### [Dataset entries]
######

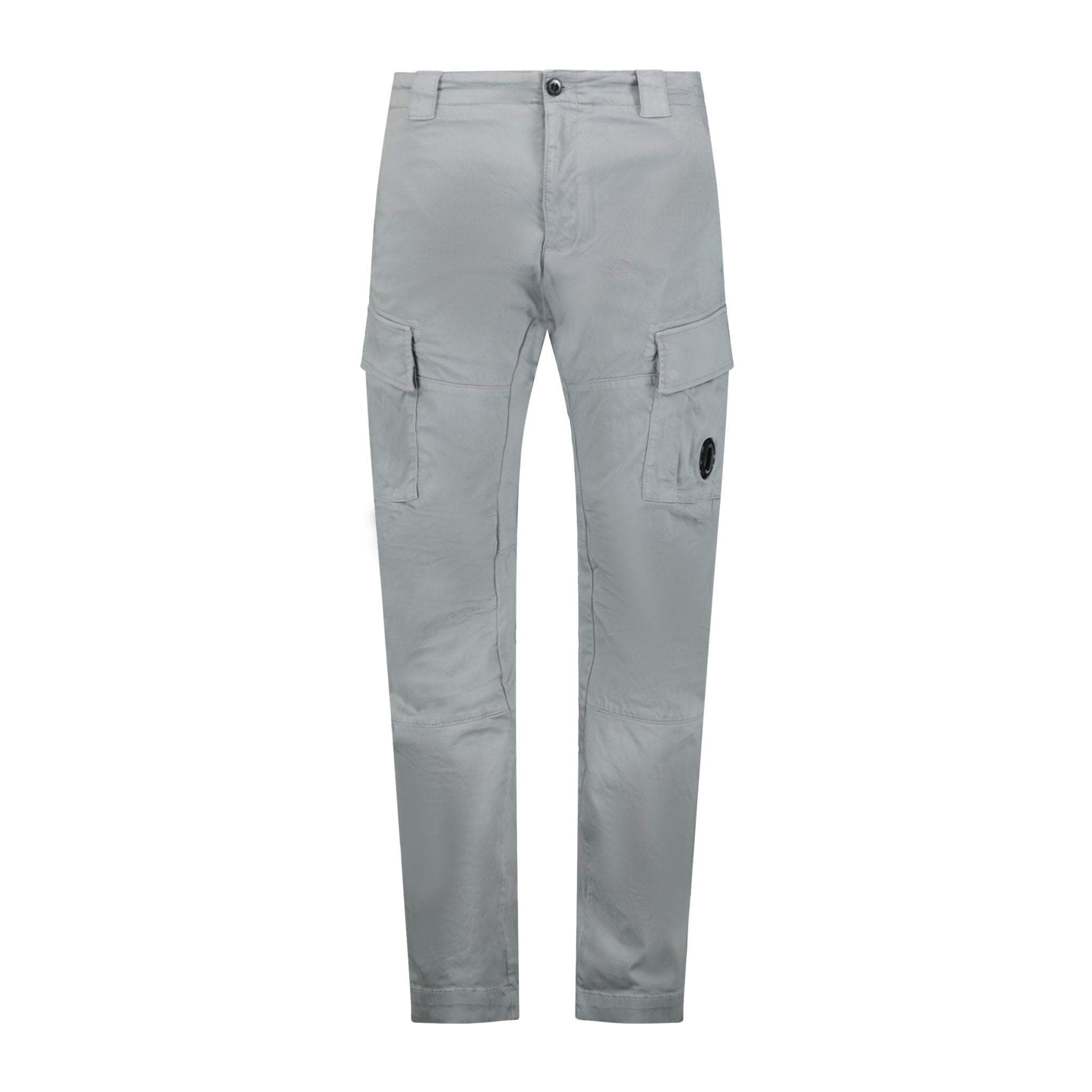 Color variation of Stretch Sateen Cargo Pants Grey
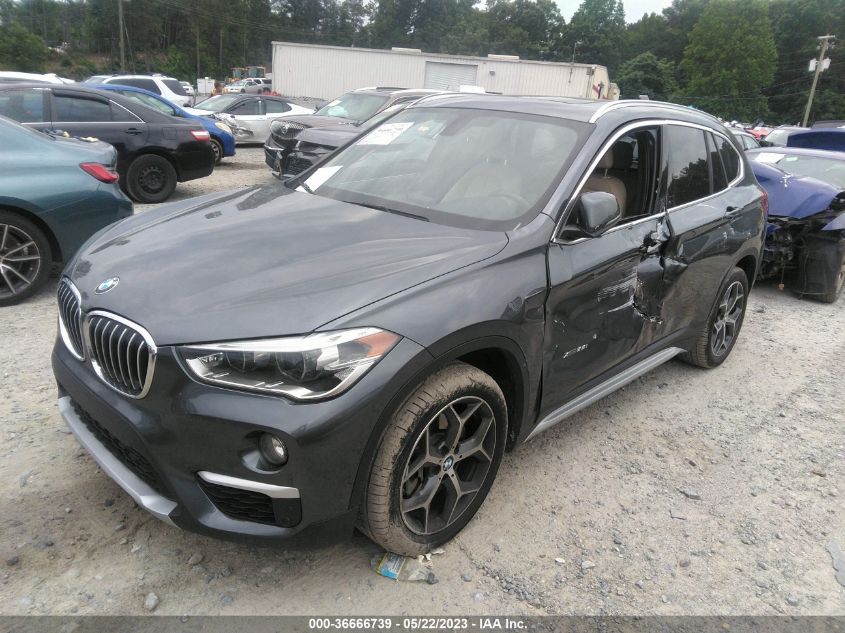 2017 BMW X1 XDRIVE28I - WBXHT3C34H5F75028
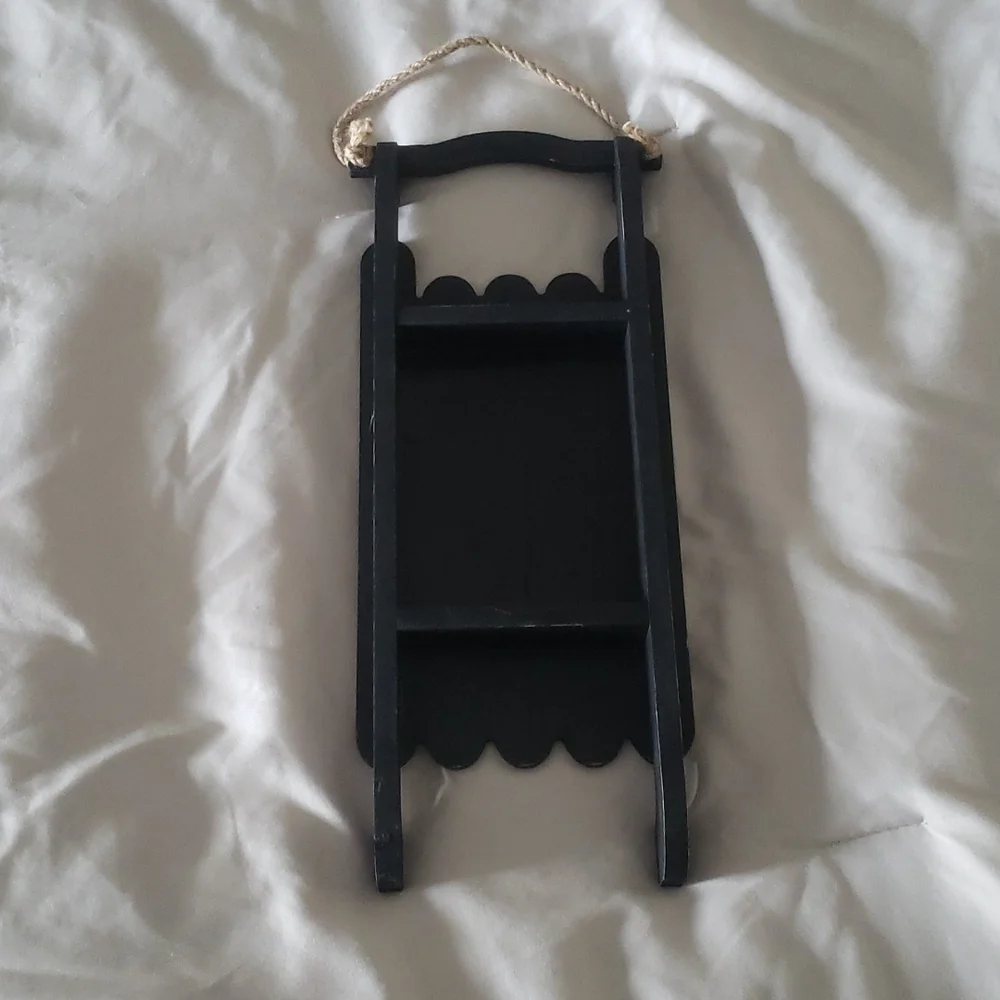 Wooden Sled from Target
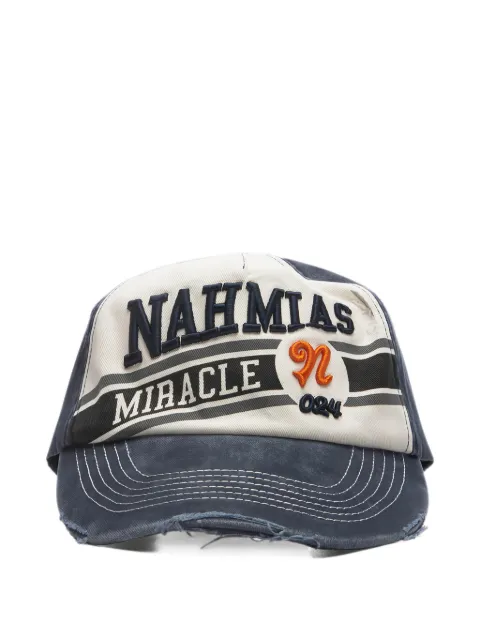Nahmias Coastal Sport distressed cap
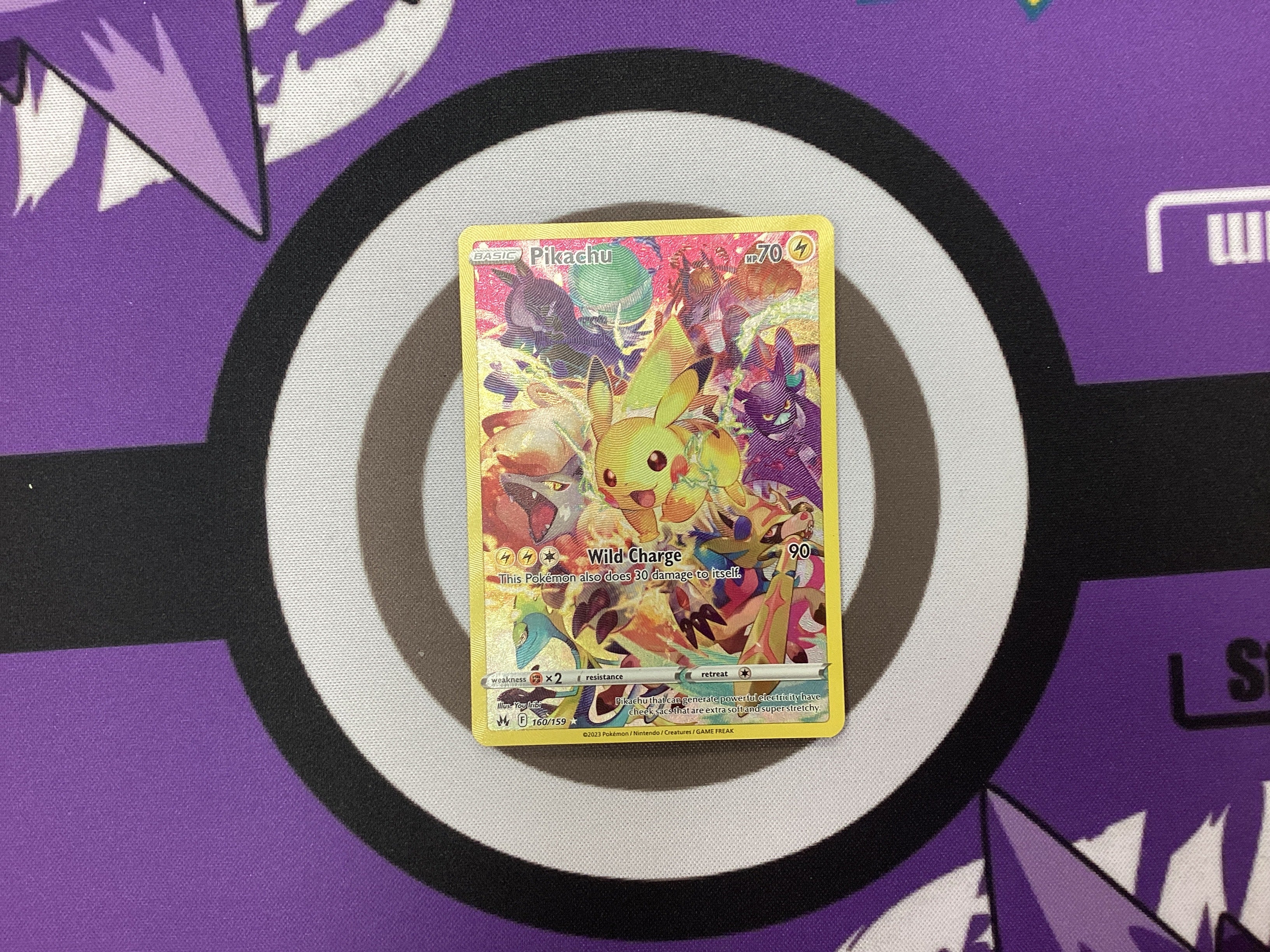 Pikachu 160/159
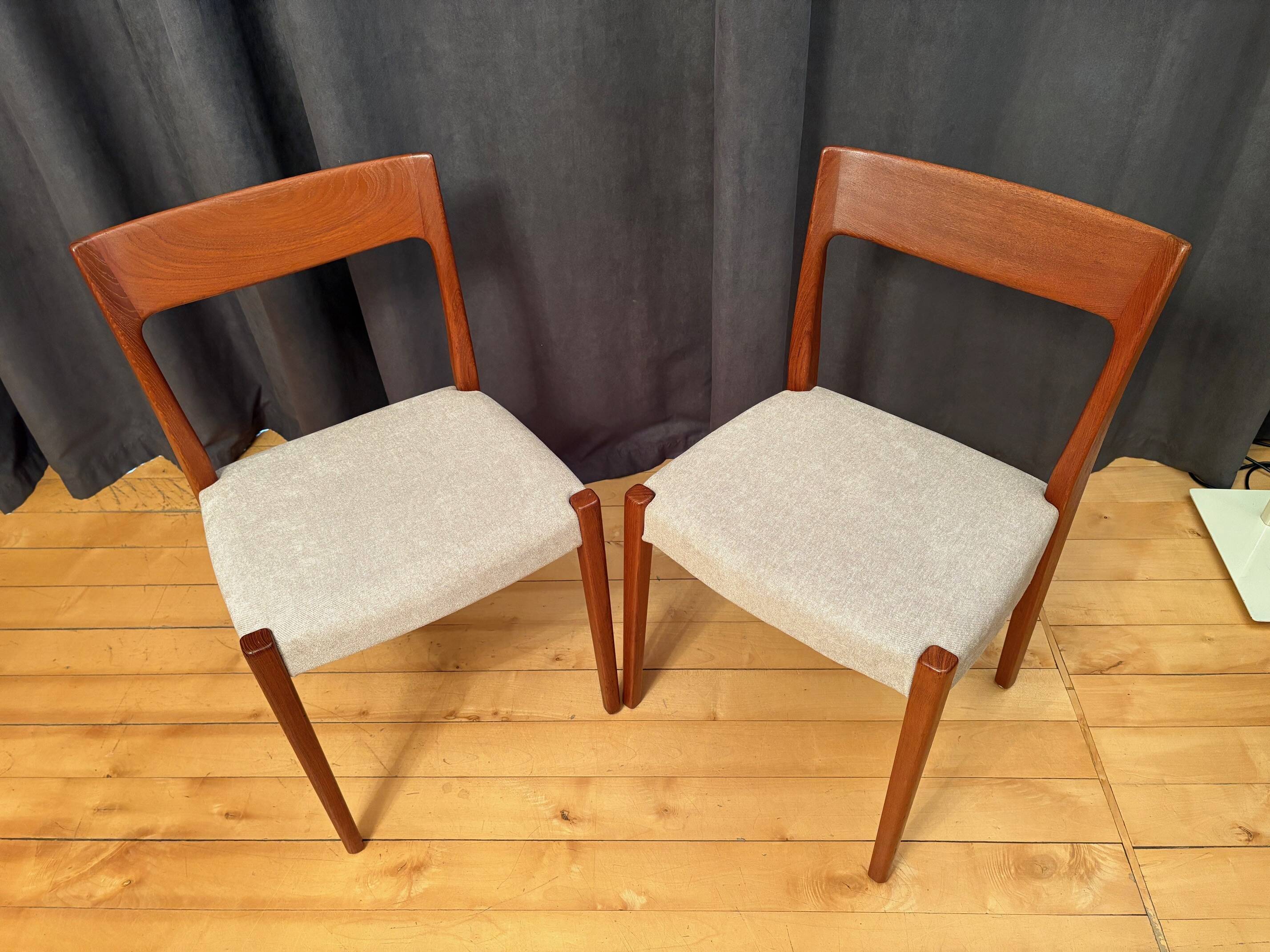 Pair of chairs, Svegards Markaryd, Sweden, 1960s
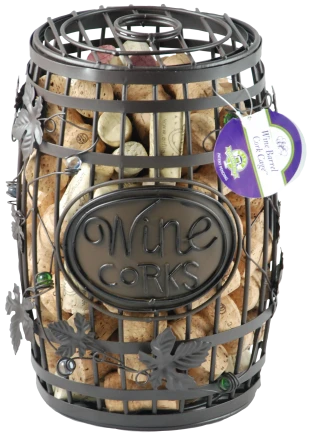 Epic Products Wine Barrel Cork Cage Cork Presentation 1 Epic Products Wine Barrel Cork Cage Cork Presentation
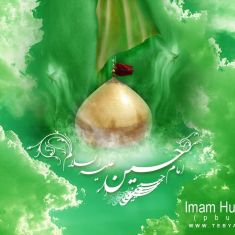 پوستر حرم امام حسین (ع)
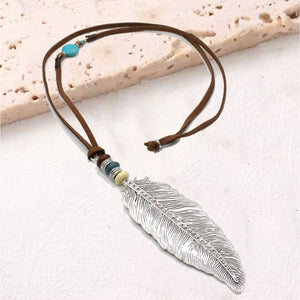 Feather Necklace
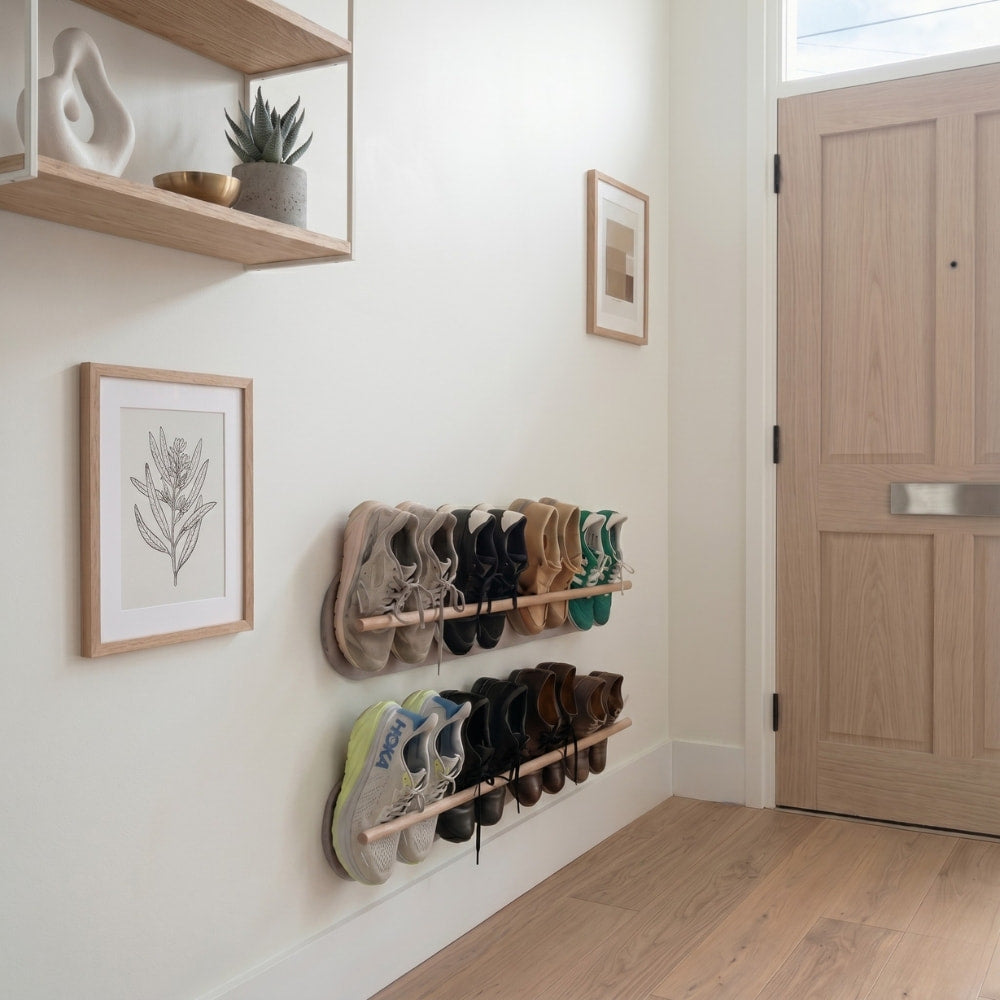 Grounded  svævende i massivt egetræ - Quirky Moose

######

### [What you should do]
Every line above should be output exactly, except for the pictures.

### [Exercise output]
 Color variation of Stretch Sateen Cargo Pants Grey
 2017 BMW X1 XDRIVE28I - WBXHT3C34H5F75028
 Wooden Sled from Target
Nahmias Coastal Sport distressed cap
 Pikachu 160/159
 Pair of chairs, Svegards Markaryd, Sweden, 1960s
 Epic Products Wine Barrel Cork Cage Cork Presentation 1 Epic Products Wine Barrel Cork Cage Cork Presentation
 پوستر حرم امام حسین (ع)
 Feather Necklace
 Grounded  svævende i massivt egetræ - Quirky Moose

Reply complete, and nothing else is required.